Start of Block

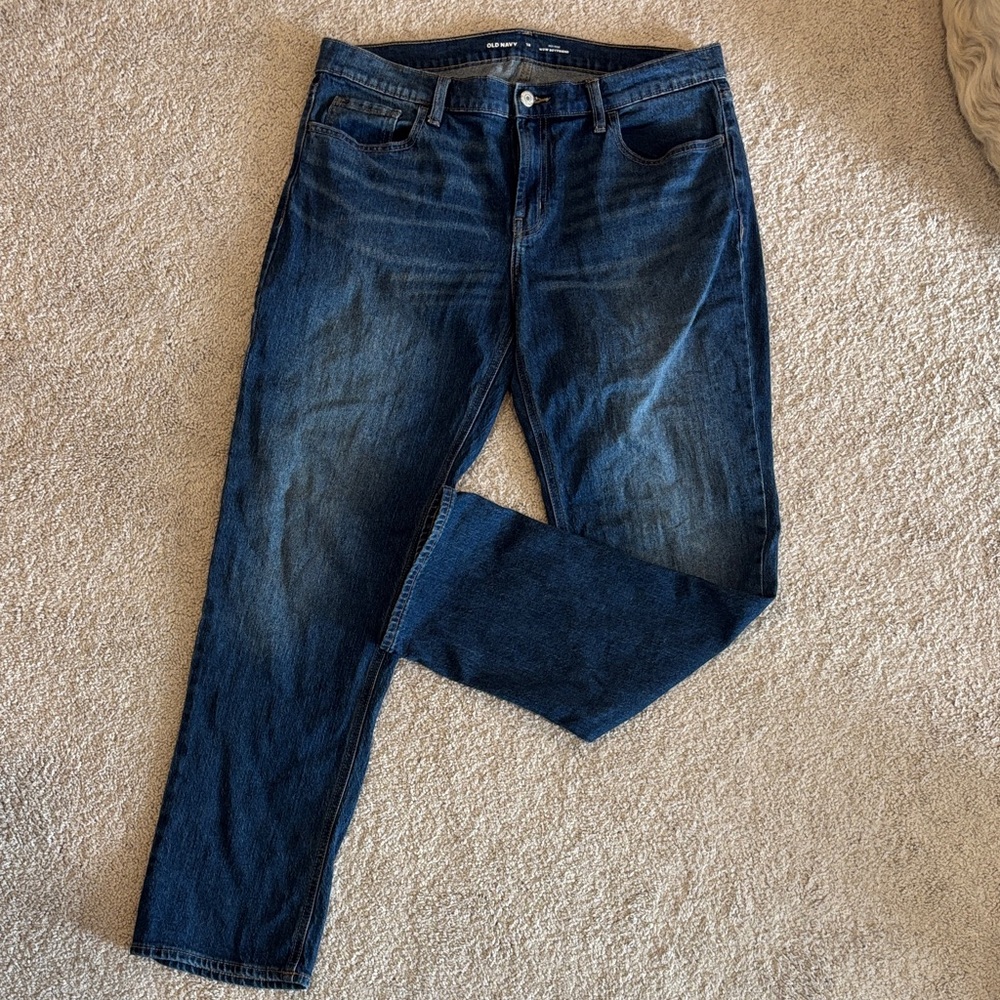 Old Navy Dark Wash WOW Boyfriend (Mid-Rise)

End of Block
Start of Block

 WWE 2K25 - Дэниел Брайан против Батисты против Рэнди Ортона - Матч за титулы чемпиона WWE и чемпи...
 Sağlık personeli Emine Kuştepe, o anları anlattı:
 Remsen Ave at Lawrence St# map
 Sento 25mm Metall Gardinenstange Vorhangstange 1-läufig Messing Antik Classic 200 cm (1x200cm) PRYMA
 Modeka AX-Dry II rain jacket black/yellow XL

End of Block
Start of Block

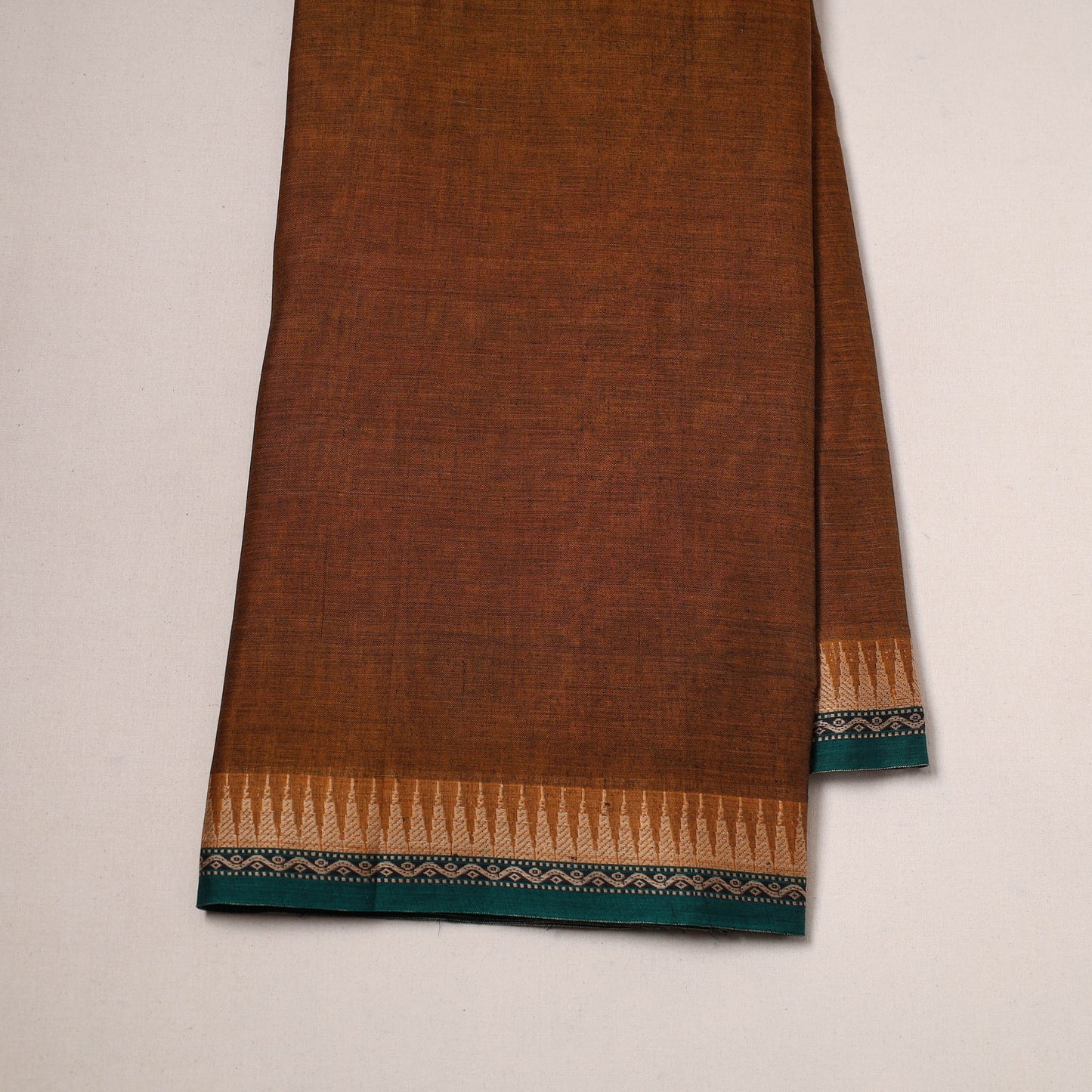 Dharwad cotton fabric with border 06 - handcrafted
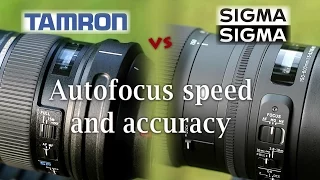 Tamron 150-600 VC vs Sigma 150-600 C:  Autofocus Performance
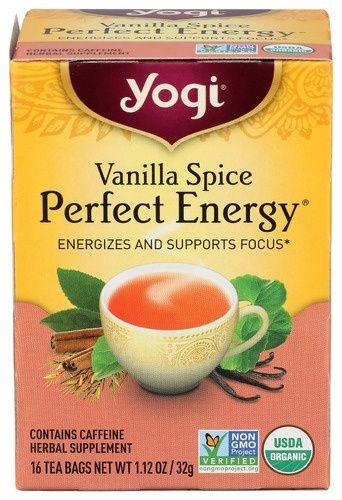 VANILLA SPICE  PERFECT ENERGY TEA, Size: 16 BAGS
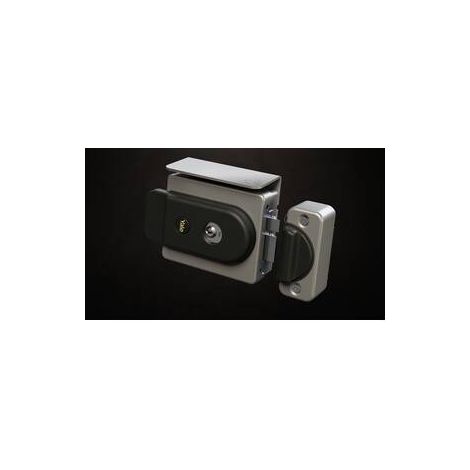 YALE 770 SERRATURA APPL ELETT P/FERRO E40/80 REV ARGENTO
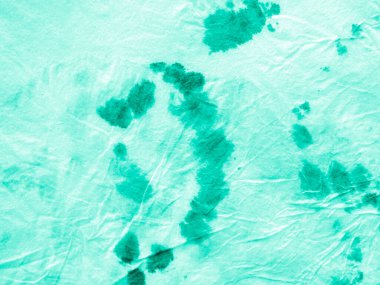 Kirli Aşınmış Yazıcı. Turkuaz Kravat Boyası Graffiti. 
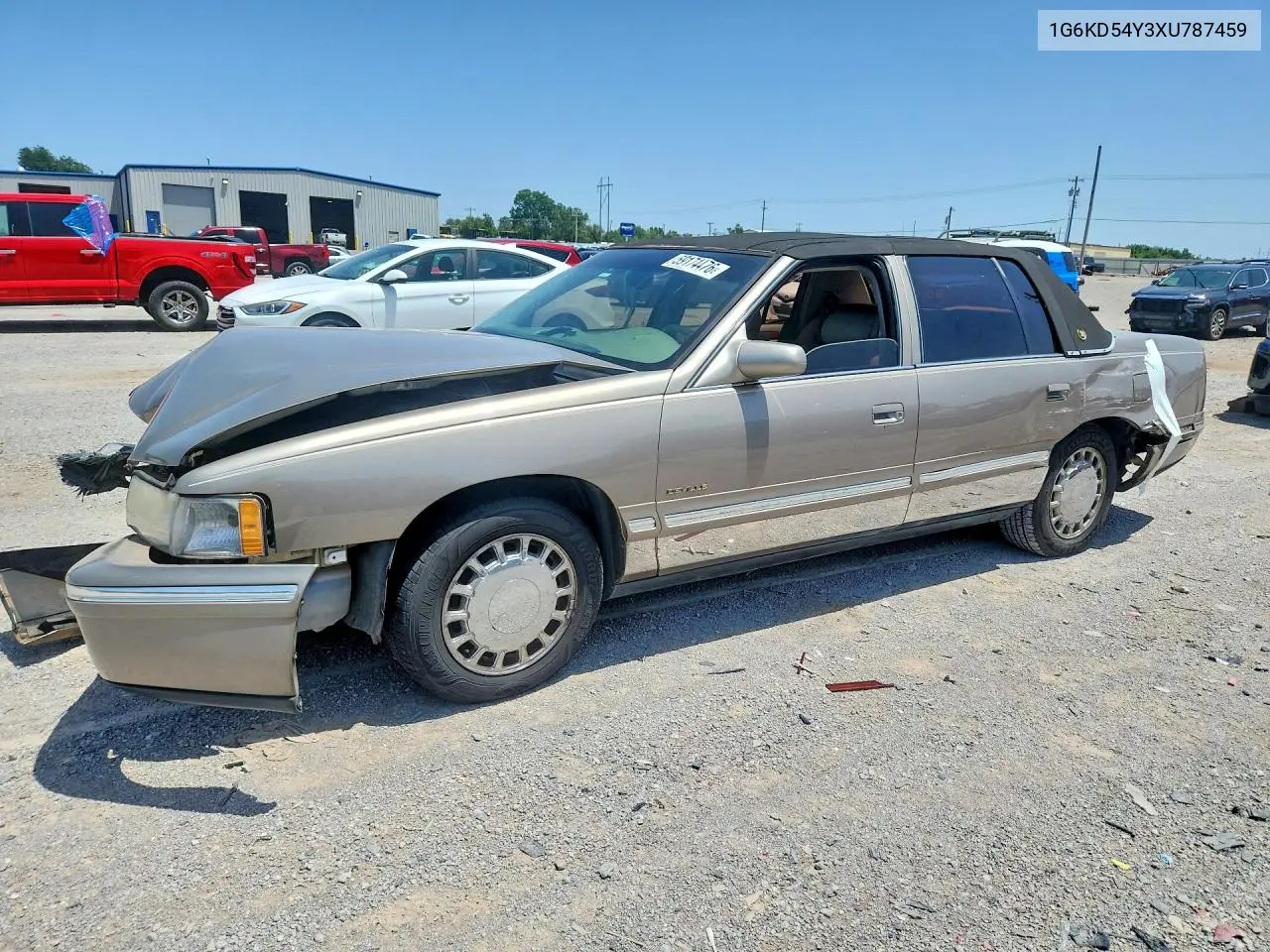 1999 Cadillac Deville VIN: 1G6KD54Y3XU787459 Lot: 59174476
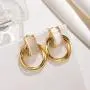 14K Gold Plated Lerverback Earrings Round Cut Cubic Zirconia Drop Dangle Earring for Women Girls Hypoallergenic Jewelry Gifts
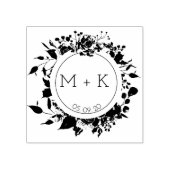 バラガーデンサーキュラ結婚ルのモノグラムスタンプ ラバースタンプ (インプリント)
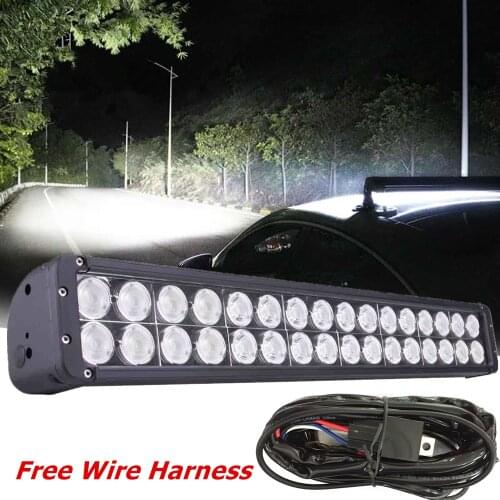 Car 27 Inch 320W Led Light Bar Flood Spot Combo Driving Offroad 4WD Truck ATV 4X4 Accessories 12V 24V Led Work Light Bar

End of Block

# PROBLEM:
Start at the line containing "バラガーデンサーキュラ結婚ルのモノグラムスタンプ ラバースタンプ (インプリント)" above and stop at the line containing "Car 27 Inch". Output those lines exactly, both included, but none of the pictures.

# TASK ANSWER:
 バラガーデンサーキュラ結婚ルのモノグラムスタンプ ラバースタンプ (インプリント)
 Car 27 Inch 320W Led Light Bar Flood Spot Combo Driving Offroad 4WD Truck ATV 4X4 Accessories 12V 24V Led Work Light Bar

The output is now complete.